L’inaugurazione della sede della Lega di Crotone alla presenza di Salvini
2 minuti per la letturaCROTONE – Senza aver alzato cartelli o striscioni contro il leader della Lega Salvini, senza aver avuto un ruolo organizzativo in una manifestazione, ma soltanto per uno screenshot su cui nessuno ha fatto accertamenti e perché faceva una passeggiata mentre erano in corso contestazioni, si è ritrovato imputato con l’accusa di aver promosso una “riunione di protesta in luogo pubblico” in mancanza del necessario preavviso di tre giorni al questore.
La singolare vicenda è capitata al noto attivista crotonese Pietro Infusino, ovviamente assolto.

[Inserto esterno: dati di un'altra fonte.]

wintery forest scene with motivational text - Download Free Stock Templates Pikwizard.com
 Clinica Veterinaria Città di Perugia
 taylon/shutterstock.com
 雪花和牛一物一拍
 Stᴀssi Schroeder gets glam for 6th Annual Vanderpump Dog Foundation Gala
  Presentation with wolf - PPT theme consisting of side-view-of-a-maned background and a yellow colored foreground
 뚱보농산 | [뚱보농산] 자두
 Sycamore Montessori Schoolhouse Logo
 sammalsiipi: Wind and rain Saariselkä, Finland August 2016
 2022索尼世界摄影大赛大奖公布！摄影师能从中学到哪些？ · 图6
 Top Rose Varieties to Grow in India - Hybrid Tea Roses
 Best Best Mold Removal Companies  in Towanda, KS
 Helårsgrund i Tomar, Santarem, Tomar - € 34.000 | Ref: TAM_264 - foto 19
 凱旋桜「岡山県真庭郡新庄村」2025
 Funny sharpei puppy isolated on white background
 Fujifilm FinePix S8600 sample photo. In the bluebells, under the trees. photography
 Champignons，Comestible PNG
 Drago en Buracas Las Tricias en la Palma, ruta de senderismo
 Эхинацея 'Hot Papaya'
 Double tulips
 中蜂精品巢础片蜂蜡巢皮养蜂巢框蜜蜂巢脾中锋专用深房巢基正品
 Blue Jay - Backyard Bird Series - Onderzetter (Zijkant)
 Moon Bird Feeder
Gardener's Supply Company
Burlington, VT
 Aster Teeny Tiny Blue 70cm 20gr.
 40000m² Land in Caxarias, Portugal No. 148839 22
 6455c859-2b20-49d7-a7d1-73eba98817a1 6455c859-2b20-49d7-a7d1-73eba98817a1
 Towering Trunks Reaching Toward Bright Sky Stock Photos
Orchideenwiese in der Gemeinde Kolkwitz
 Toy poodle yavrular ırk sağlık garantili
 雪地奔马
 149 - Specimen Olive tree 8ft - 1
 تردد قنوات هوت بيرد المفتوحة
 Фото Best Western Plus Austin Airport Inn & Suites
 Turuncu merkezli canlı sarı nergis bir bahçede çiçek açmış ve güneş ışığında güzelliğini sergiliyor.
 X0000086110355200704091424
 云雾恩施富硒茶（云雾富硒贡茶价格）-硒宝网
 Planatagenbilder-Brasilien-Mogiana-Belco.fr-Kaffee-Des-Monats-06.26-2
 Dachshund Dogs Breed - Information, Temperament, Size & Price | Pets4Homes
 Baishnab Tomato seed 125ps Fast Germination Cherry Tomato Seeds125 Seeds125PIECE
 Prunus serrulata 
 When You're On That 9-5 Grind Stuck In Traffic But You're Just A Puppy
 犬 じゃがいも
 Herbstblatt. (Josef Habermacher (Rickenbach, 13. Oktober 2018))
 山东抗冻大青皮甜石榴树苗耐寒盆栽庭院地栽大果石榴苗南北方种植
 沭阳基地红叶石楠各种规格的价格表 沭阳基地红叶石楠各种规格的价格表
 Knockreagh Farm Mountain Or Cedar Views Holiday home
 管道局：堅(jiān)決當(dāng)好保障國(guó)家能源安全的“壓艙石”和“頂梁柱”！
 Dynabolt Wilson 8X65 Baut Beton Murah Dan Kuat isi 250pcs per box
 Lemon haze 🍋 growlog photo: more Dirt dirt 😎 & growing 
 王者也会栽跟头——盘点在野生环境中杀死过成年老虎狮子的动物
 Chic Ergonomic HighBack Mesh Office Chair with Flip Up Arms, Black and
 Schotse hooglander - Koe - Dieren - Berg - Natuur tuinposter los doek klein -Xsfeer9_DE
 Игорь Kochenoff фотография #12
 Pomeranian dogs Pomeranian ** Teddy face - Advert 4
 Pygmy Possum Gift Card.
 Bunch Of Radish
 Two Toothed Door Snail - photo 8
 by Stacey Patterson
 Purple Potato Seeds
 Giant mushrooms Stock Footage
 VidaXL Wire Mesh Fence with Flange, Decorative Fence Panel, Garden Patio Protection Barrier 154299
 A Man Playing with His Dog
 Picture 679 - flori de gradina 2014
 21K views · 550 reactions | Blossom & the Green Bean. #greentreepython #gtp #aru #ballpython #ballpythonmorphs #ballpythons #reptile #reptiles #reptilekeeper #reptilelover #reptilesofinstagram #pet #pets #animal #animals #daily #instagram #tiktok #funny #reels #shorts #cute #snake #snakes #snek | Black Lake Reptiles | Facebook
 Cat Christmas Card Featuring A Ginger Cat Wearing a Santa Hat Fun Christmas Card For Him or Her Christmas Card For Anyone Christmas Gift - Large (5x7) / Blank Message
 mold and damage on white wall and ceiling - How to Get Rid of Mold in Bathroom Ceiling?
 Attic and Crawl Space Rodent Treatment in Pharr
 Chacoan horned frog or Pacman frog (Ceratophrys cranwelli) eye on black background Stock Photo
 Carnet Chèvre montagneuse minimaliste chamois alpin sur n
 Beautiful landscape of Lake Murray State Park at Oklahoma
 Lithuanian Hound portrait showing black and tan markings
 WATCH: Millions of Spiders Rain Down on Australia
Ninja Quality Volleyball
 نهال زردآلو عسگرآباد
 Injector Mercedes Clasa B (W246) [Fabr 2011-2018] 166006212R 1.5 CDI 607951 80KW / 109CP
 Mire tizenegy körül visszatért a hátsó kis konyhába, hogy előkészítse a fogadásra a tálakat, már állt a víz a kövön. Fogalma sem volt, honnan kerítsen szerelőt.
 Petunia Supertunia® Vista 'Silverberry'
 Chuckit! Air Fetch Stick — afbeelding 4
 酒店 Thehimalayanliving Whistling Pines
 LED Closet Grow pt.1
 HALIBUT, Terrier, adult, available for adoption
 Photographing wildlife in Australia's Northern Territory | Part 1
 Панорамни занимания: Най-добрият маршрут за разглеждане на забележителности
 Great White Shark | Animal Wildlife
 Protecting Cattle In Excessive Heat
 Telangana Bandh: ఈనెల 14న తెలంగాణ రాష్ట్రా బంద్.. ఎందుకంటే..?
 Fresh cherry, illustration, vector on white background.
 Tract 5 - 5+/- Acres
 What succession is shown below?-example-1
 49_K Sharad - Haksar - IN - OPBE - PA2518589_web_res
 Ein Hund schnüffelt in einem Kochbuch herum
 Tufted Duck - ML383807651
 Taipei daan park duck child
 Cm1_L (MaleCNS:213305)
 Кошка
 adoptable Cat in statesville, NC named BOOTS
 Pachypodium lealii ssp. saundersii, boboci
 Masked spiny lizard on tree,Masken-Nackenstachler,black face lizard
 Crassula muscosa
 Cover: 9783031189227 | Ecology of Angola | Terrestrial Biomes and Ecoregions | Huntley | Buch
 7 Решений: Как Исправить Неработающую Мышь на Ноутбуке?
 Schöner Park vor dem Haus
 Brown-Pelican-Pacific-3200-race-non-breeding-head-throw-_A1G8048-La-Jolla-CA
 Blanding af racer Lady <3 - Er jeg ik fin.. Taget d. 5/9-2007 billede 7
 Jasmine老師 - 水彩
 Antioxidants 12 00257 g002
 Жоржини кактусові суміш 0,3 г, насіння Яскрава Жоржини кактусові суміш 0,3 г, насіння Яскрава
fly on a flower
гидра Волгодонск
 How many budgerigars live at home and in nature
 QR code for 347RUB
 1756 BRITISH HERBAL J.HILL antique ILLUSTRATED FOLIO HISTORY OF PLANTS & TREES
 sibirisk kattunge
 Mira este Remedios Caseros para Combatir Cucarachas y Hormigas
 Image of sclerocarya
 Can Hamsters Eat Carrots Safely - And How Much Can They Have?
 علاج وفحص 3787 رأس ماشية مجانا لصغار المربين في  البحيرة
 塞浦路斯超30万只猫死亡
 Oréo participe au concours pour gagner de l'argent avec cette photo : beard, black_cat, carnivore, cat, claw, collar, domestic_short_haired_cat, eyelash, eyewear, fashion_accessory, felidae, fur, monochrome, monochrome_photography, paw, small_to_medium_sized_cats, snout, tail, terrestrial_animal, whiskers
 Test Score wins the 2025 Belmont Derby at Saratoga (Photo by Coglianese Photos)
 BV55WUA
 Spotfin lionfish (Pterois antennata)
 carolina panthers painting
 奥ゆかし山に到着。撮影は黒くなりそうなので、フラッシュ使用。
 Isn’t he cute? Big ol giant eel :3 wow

Il 10 gennaio 2020, in piena campagna elettorale, e durante alcune contestazioni, Salvini inaugurava la sede della Lega a Crotone e presentava i candidati del suo partito alle elezioni regionali e un gruppo gridava slogan antifascisti durante il taglio del nastro: Infusino, poi imputato, stava da quelle parti «in posizione defilata», come ha riferito in aula l’unico teste, un poliziotto che ha confermato anche di non aver svolto accertamenti telematici sul profilo Facebook di Infusino. Le “prove” contro Infusino erano, infatti, consistite in uno screenshot. In primo grado, il Tribunale di Crotone dichiarò il non luogo a procedere per tenuità del fatto. Ma non bastava, a Infusino. Il suo difensore, l’avvocato Fabrio Mungari, puntava a un’assoluzione piena. E per ottenerla il legale ha evidenziato l’assoluta inidoneità di quell’immagine a inchiodare l’imputato perché non era stata accertata la reale provenienza dal suo profilo.
Insomma, Infusino non è mai stato identificato come promotore della contestazione, tanto più che nel «laconico e stringato screenshot», è detto nelle motivazioni della sentenza, era indicato il «punto dove incontrarsi» ma «ai fini della successiva organizzazione della riunione». Insomma, elementi «certamente» insufficienti per attribuire a Infusino «una condotta attiva di promozione e organizzazione dell’illegittima riunione che l’imputato ha dimostrato di non aver tenuto per come direttamente e personalmente constatato dal teste di polizia giudiziaria che ha eseguito le indagini». Ecco perché “il fatto non sussiste”.